Handheld game console

The ZX Touch (ZXT) is an emulation-based ZX Spectrum handheld game console from Elmar Electronic, released on 18 November 2023. It features a 7-inch touchscreen, a bare-metal emulator, and real-time in-game FX enhancement capabilities. The console has 34 built-in licensed games, and supports loading additional titles via microSD or Wi-Fi file transfer.

==History==
===Development===

The ZX Touch originated as a hobby project by Goran Radan, co-owner of Elmar Electronic from Croatia, driven by passion for the ZX Spectrum and embedded microcontrollers. Goran, who had previously designed and released the ZX-VGA-JOY interface, developed initial prototypes that led to a dedicated console focused on accurate emulation and usability for ZX Spectrum games. The decision to bring the ZXT to market was influenced by discussions with fellow enthusiasts.

===Launch===

The device was unexpectedly unveiled at the Crash Live! event held in Kenilworth, England, on 18 November 2023, where units were also available for immediate purchase by attendees. Goran considered the ZX Spectrum Vega+ debacle, an earlier crowdfunded handheld with assorted issues, “a huge burden” that made the community suspicious of similar projects. Consequently, he avoided crowdfunding and kept the ZX Touch release silent until it was ready.

==Reception==

In their magazine reviews, Crash found the ZX Touch "great fun" and "very competent," while PC Pro found it a "well-built, highly configurable device"; however, both felt its price was a little high.

==Hardware==

The ZX Touch emulates both the ZX Spectrum 48K and 128 models using a bare-metal system on a 480 MHz ARM Cortex-M7. The absence of an operating system enables gaming to be ready in under one second from power-on (with title screen disabled) through direct hardware communication. Developing an emulator on this type of hardware was the biggest challenge for Goran.

Visuals are displayed on a 7-inch 1024 x 600 IPS touchscreen with a 50 Hz refresh rate, synchronised with the original ZX Spectrum, unlike PC emulators whose refresh rate is tied to the computer (usually 60 Hz). This key feature replicates the smooth motion of an original ZX Spectrum connected to a CRT.

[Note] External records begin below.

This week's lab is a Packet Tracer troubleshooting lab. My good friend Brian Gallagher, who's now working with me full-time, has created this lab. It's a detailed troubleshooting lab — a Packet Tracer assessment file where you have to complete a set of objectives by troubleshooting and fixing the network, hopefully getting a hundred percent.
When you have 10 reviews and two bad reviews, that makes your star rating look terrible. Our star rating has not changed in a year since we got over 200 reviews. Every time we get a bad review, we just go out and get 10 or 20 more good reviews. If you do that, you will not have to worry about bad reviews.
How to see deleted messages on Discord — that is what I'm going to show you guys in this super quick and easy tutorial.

Whilst all system functions are accessible via the touchscreen, player control is provided by eight tactile buttons and an analog stick, all of which are fully configurable and saveable per game. A virtual keyboard is available on the touchscreen for keyboard-centric titles like adventure games.

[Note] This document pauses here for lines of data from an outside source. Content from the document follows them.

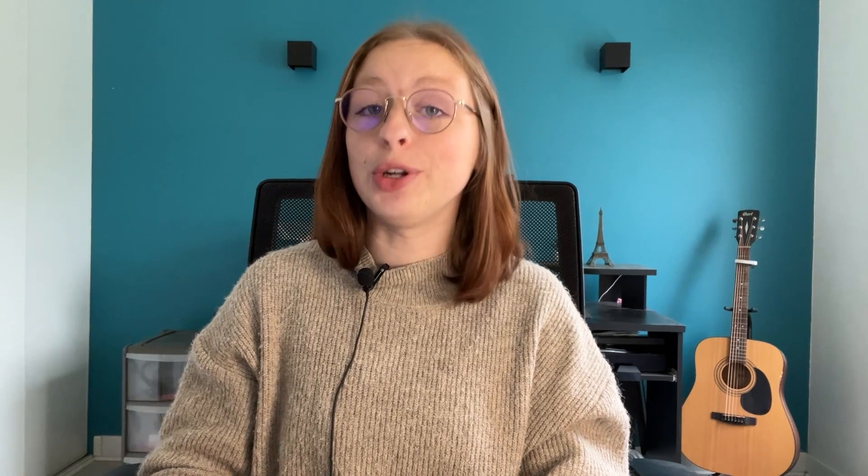So now that we've seen some of the advantages of creating a mobile app, let's take a look at some of the essential features. So I'm going to show you Radio King's online app simulator to show you the features directly and exactly how easy it is to configure them. You can actually test our online app simulator for free. It allows you to easily customize your app and see the changes in real time to give you a concrete idea of what your app could look like.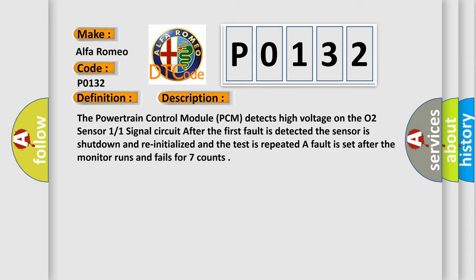The sensor is shut down and reinitialized and the test is repeated. A fault is set after the monitor runs and fails for seven counts.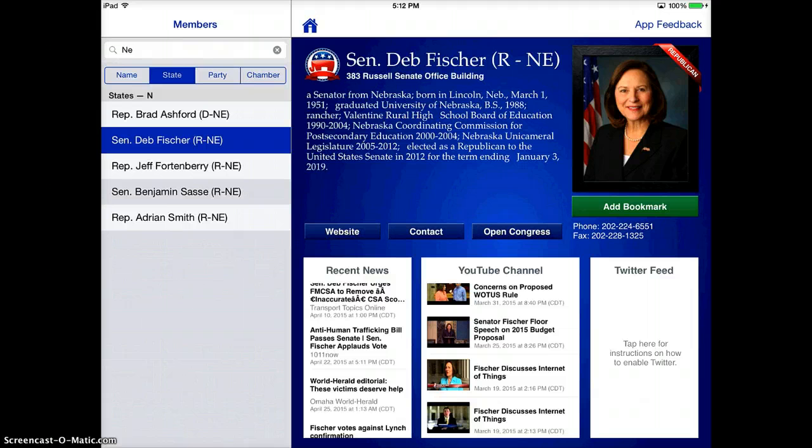So it's an awesome app to use in your social studies program for a variety of different things.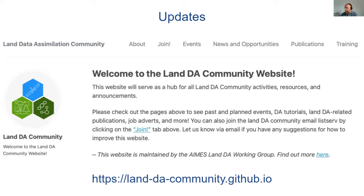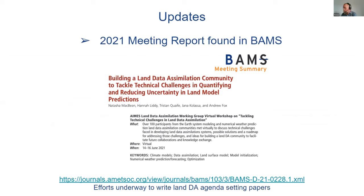Tash will definitely put this link in the chat. We've got a GitHub-based web page now as a resource for the community. Please feel free to email with suggestions for any content, and if anybody is specifically interested in helping us develop the web page, also drop us a line. We're exploring ways in which we can open this up more as something to which the community can directly contribute. We also published a short report in BAMS about the workshop last year.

For durability, the console is designed with replaceable parts, such as the analog stick, speaker, and touchscreen. The integrated rechargeable battery, also replaceable, provides up to six hours of portable gameplay.

The console supports firmware updates and file management over its Wi-Fi hardware.

==Software==

Unlike generic retro consoles that rely on Android-based emulators, the ZX Touch utilises a bespoke C/C++ software environment, operating directly on its hardware without a traditional operating system.

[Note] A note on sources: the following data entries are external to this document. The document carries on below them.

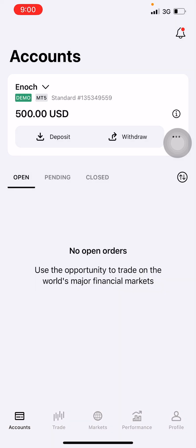Hello, good day, good morning everyone. I trust we are all doing good. I want to use this opportunity to demonstrate how to create a demo account and a real account.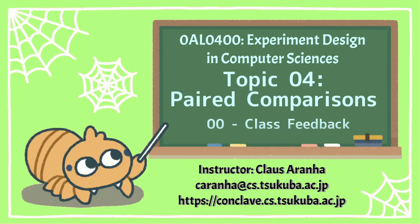Hello everyone, I'm Klaus Aranha from the University of Tsukuba and this is Experiment Designs in Computer Science. This video is for week four where we're going to talk about pair comparisons, and in this first video I want to reply to the feedback from the last class.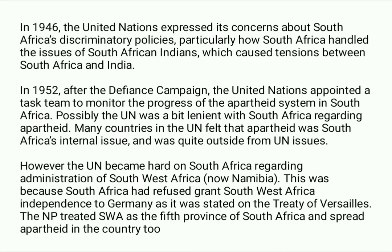In 1946, the United Nations expressed its concerns about South Africa's discriminatory policies, particularly how South Africa handled the issues of South African Indians, which caused tensions between South Africa and India. In 1952, after the Defiance Campaign, the United Nations appointed a task team to monitor the progress of the apartheid system in South Africa. Initially, the UN was lenient with South Africa, as many countries felt apartheid was South Africa's internal issue.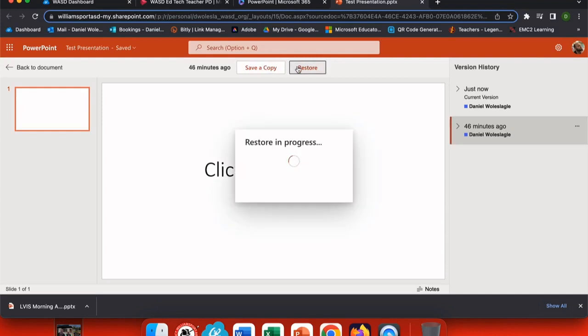Or I can choose restore. When I choose restore, it's now putting the original version of this file from 47 minutes ago back. So any of the changes that I made since then will be erased.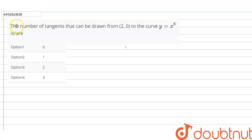Hello guys, so the question is: the number of tangents that can be drawn from (2, 0) to the curve y is equal to x to the power 6.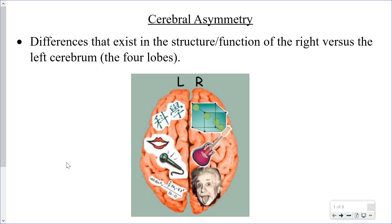Hello, everyone. This lesson is going to be on the brain, specifically taking a look at the two sides of the brain — the left side and the right side. Here we're really focusing on the cerebrum. The cerebrum is made up of four different lobes: the frontal, parietal, occipital, and temporal lobes, and that's what we're going to focus on here.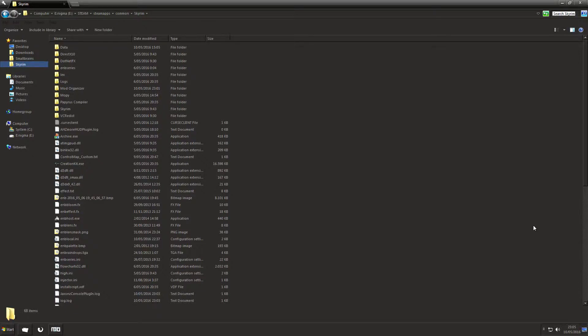Hello everyone, I'm going to be showing you how to play Skyrim in borderless windowed mode, so you can use your Steam overlay together with ENB.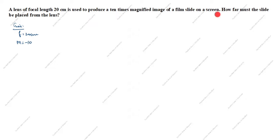Hi friends, welcome to my channel Excellent Ideas in Education. Today we are going to solve this slide chapter problem. A lens of focal length 20 centimeter is given. Focal length is given as 20 centimeter — for a lens, focal length is always positive. It is used to produce a 10 times magnified image. Magnified, real, and inverted means minus 10, so magnification is given as minus 10.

It includes a SE Basic ROM (GPL v2 licensed) and 34 built-in licensed games, such as Baby-man vs Man-baby ZXT and Baby-man vs Nappy Bird ZXT, both designed for the console by utilising its custom in-game backgrounds feature. The device supports game loading via microSD in several formats, including its own ZTG (ZX Touch Game) that allows for bundled game data.

Driven by Goran's passion for visually refreshing classic games, the ZX Touch FX System acts as a dynamic post-processing layer applied on top of the emulator. Utilising colour palette changes, edge shading, transparency, and background images, these enhancements visually transform any game in real time while the original code runs entirely untouched.

Other features include a poke tool, optional ULAplus, turbo modes, game rewind, save/load states, and tape emulation. The console also features firmware update capabilities.